Though it remains in early stages in terms of adoption, software-defined networking (SDN) dominates conversations in the networking industry. But one subject missing from much of the talk is security.
"There's a lot of hype, and I think that some of the issues...like security are not as well-cooked as other things," Robert Hinden, a Check Point Fellow at Check Point Software Technologies, told Network Computing.
Hinden, who's giving a presentation on SDN security at the upcoming RSA Conference in San Francisco, said that while there are a number of benefits to software-defined networking, there are also several issues that need to be solved. The whole notion of a central controller requires that IT trusts what the controller is doing and pays close attention to whether it can be compromised, he said. After all, he said, why compromise a host when you can compromise the controller?
Scott Hazdra, principal security consultant for Neohapsis, agreed that the SDN controller needs to be a priority for security.
"Because the control plane plays a critical role and changes are typically propagated throughout the network, ensuring that applications are authenticated, connections are securely encrypted, security policies are properly applied and that there’s a system for creating audit trails is essential," he said. "It’s also very important to control who has access to the control plane and maintain strict change control procedures."
According to Ramnath Venugopalan of Intel Security (formerly McAfee), SDN opens potential security holes, especially in connections between controllers and network elements. "Security is not built into the SDN concept; it needs to be designed in from the beginning of development," he wrote in a blog post. "SDN configuration errors can have more complex consequences than in traditional settings."
He noted that security zones are typically not built into VPN solutions, so users must manually coordinate network access policies, port locations of security devices, and any exceptions.
"Because flexibility is a reason for SDN migration, it is likely that a change in the network might not be adequately reflected in the security infrastructure, or vice versa," he said. "Further, open APIs for security functions to SDN have not yet appeared and have not begun to standardize, so API incompatibilities may also cause security holes to appear."
[Learn about the security requirements for the many components of a SDN in "Securing The Software-Defined Network."]
Understanding how security systems fit into a SDN network -- for example, how firewalls, intrusion prevention systems and SDN interplay -- is critical, Ratinder Ahuja, CTO and vice president of mobile, network, cloud and content at Intel Security, said in an interview.

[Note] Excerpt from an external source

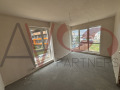 Продава 2-СТАЕН, гр. София, Витоша, снимка 4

"If you look at the SDN model, the [orchestration layer's] job is to capture business requirements and then translate that to applications that run on top of the SDN controller," he said.
If the orchestration layer is designed correctly, "you can have interfaces that can take in security requirements, so that as you are provisioning the network for business needs, you can specify the security aspects as well," he said.
Adoption of SDN will force network operations and security teams to work together more closely, Hinden said.
"This is sort of moving us to a place where there will just be one group, so the networking group and the security group need to be merged," he said. "I think this perhaps is a bigger change than the technology."